The major argument is that autonomy is nearing a tipping point where years of chipping away at the software and data needed to develop a sound, safe, and effective form of autonomous driving technology turn into an avalanche of progress.

Wertheimer believes autonomy is a $7 trillion sector,” and in the coming years, investors will see “hundreds of billions in value shift to Tesla.”

A lot of the major growth has to do with the all-too-common “butts in seats” strategy, as Wertheimer believes that only a fraction of people in the United States have ridden in a self-driving car.
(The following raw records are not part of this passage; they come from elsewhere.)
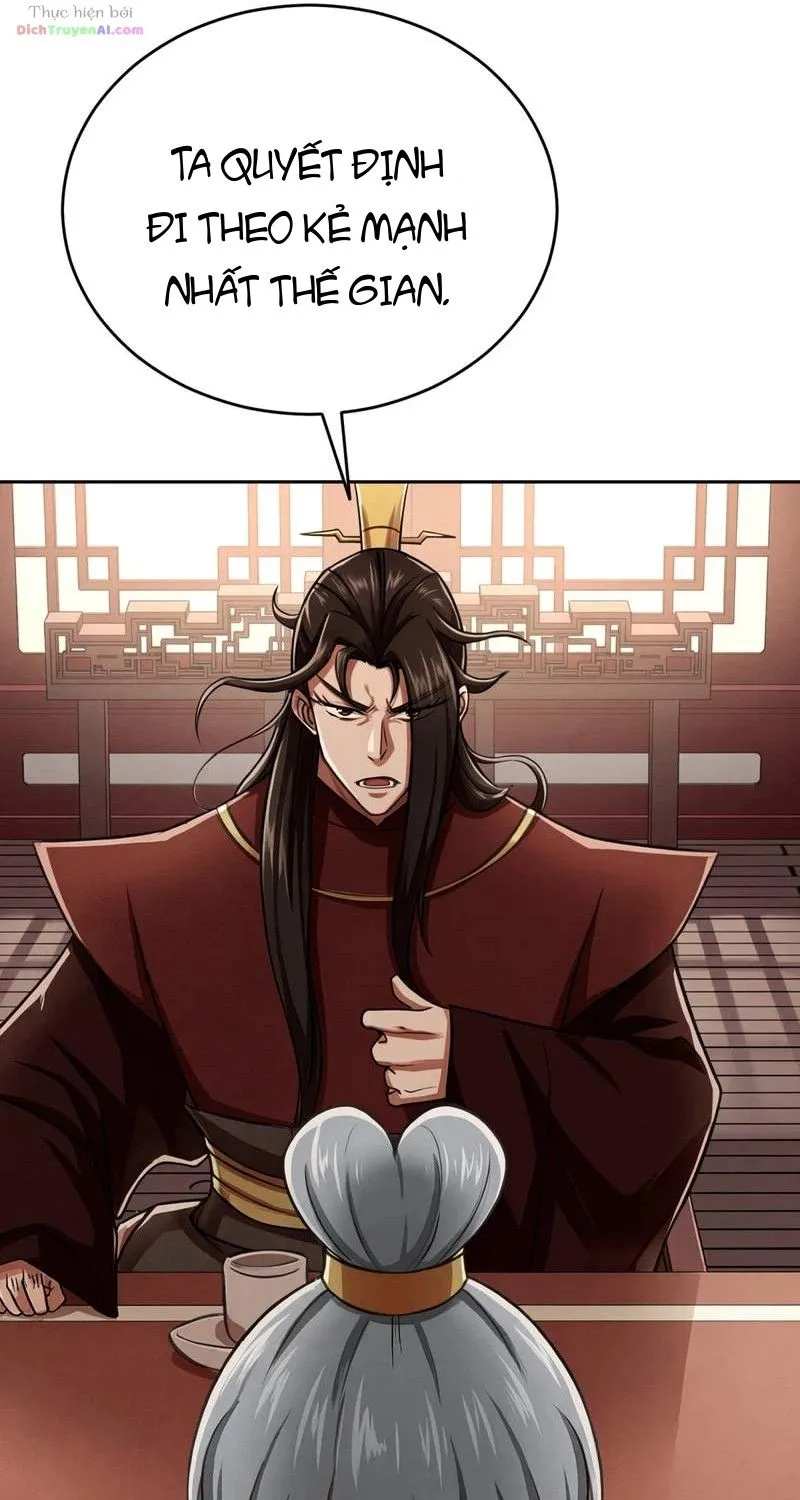 Bảo Tiêu Lập Dị - Chap 10 - Trang 57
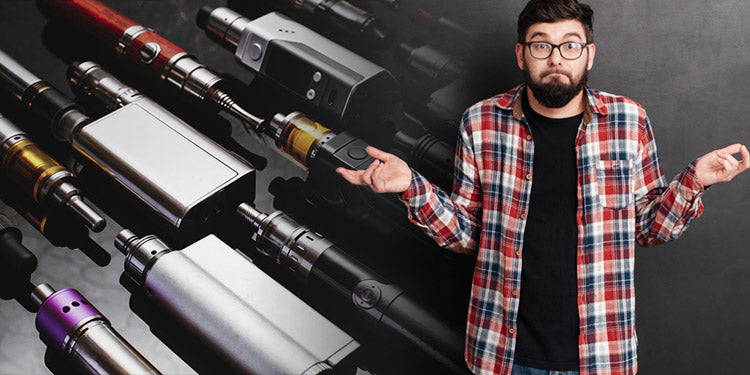 What Is a Vape Mod?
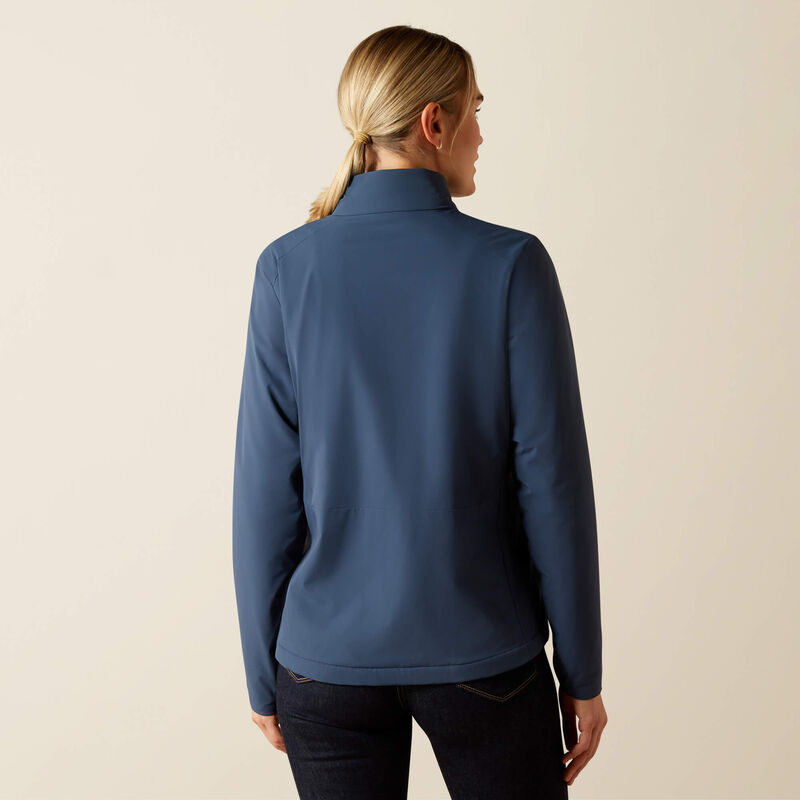 Ariat Rion StretchShell Insulated Jacket | Big Dipper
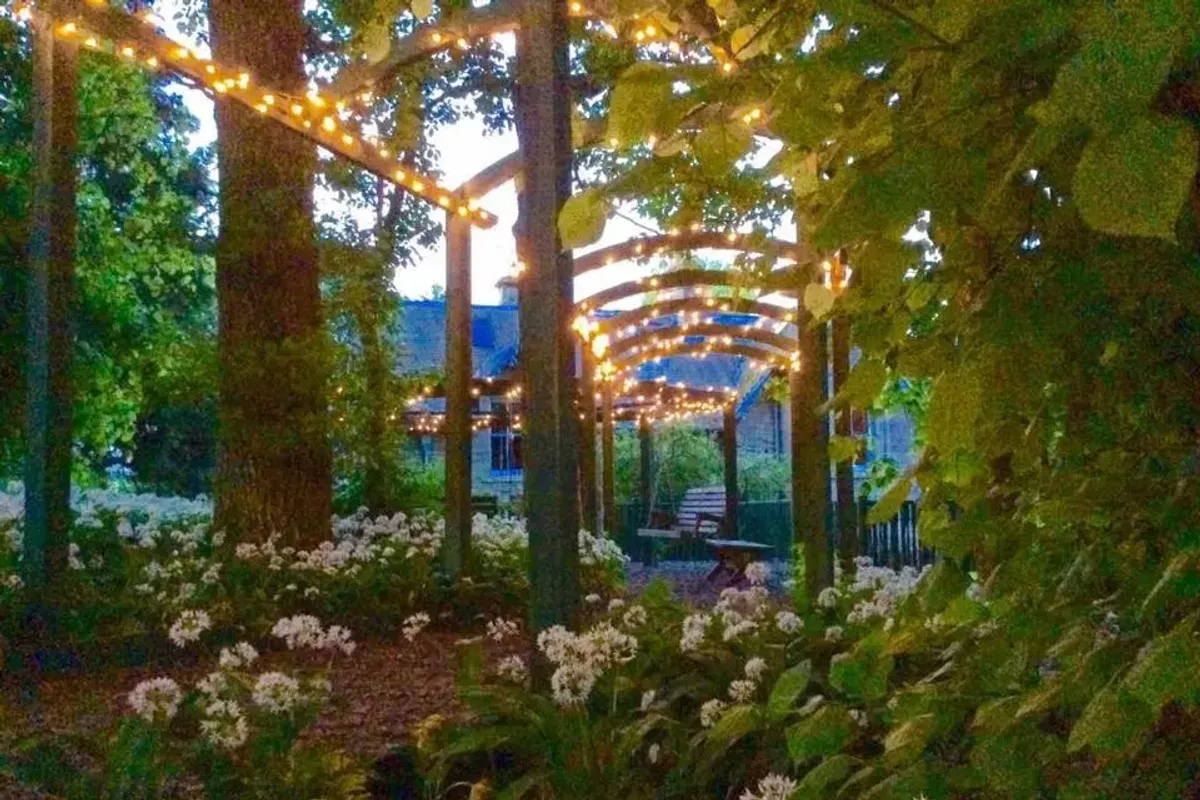 Branxholm Park photo 6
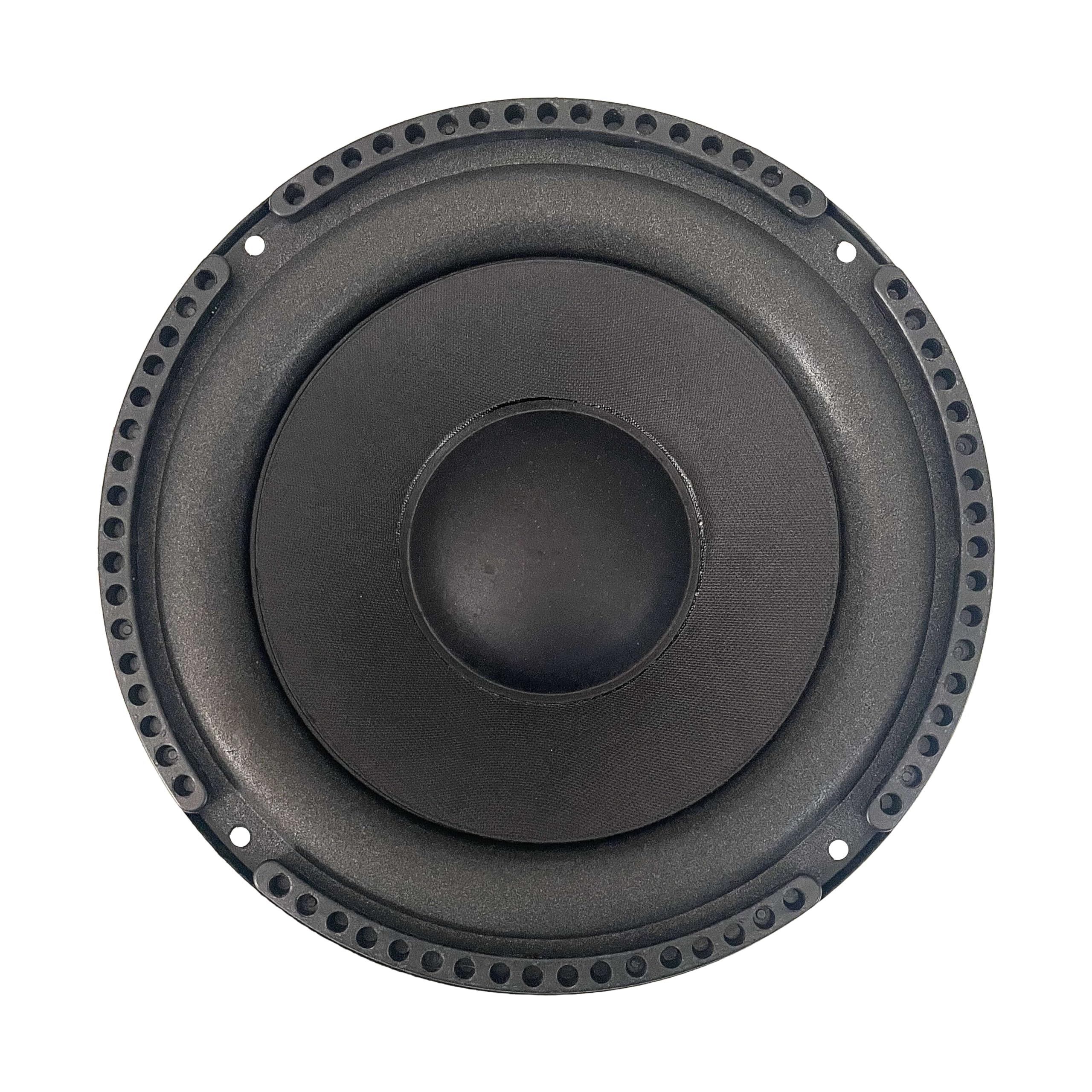 BASPRO Wd-800 8 Inch Woofer Review Powerful Sound with Pulp Cone Technology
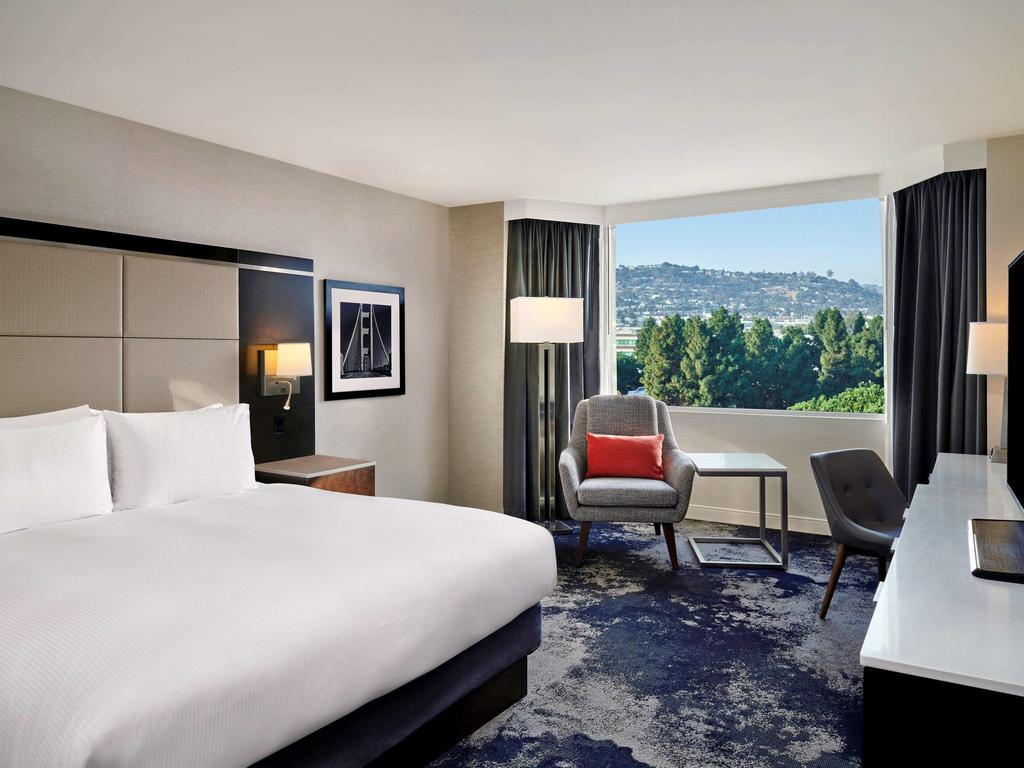 Pullman San Francisco Bay Travel Deals 2021 Package & Save up to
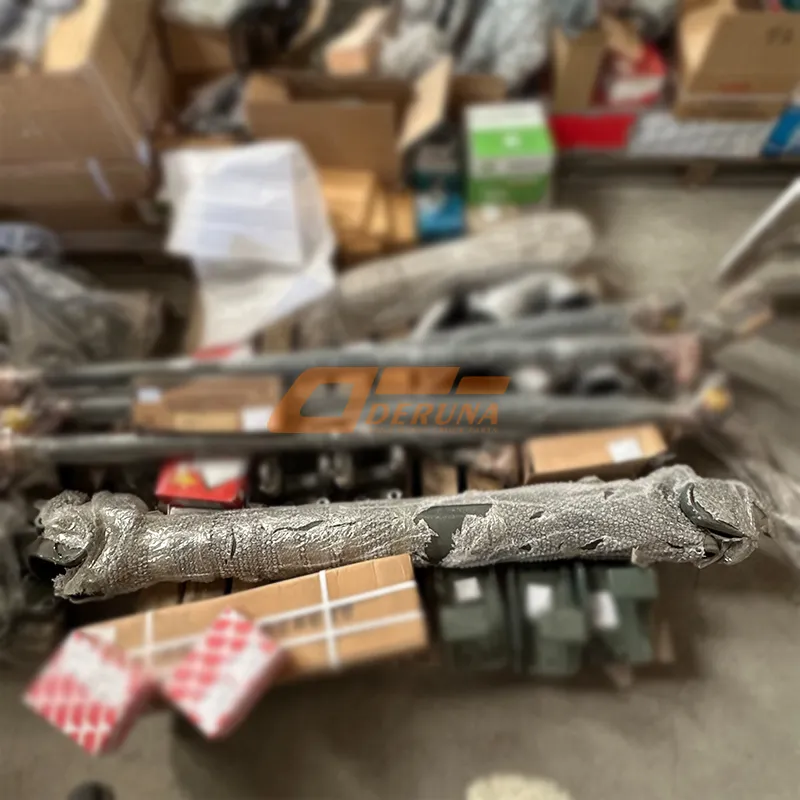 AZ9370312010 Driveshaft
In Tesla’s regard, only “tens of thousands” have tried Tesla’s latest Full Self-Driving (Supervised) version, which is v14.

Tesla Full Self-Driving v14.2 – Full Review, the Good and the Bad

When it reaches a widespread rollout and more people are able to experience Tesla Full Self-Driving v14, he believes “it will shock most people.”

Citing things like Tesla’s massive data pool from its vehicles, as well as its shift to end-to-end neural nets in 2021 and 2022, as well as the upcoming AI5 chip, which will be put into a handful of vehicles next year, but will reach a wider rollout in 2027, Melius believes many investors are not aware of the pace of advancement in self-driving.

Tesla’s lead in its self-driving efforts is expanding, Wertheimer says. The company is making strategic choices on everything from hardware to software, manufacturing, and overall vehicle design. He says Tesla has left legacy automakers struggling to keep pace as they still rely on outdated architectures and fragmented supplier systems.

Tesla shares are up over 6 percent at 10:40 a.m. on the East Coast, trading at around $416.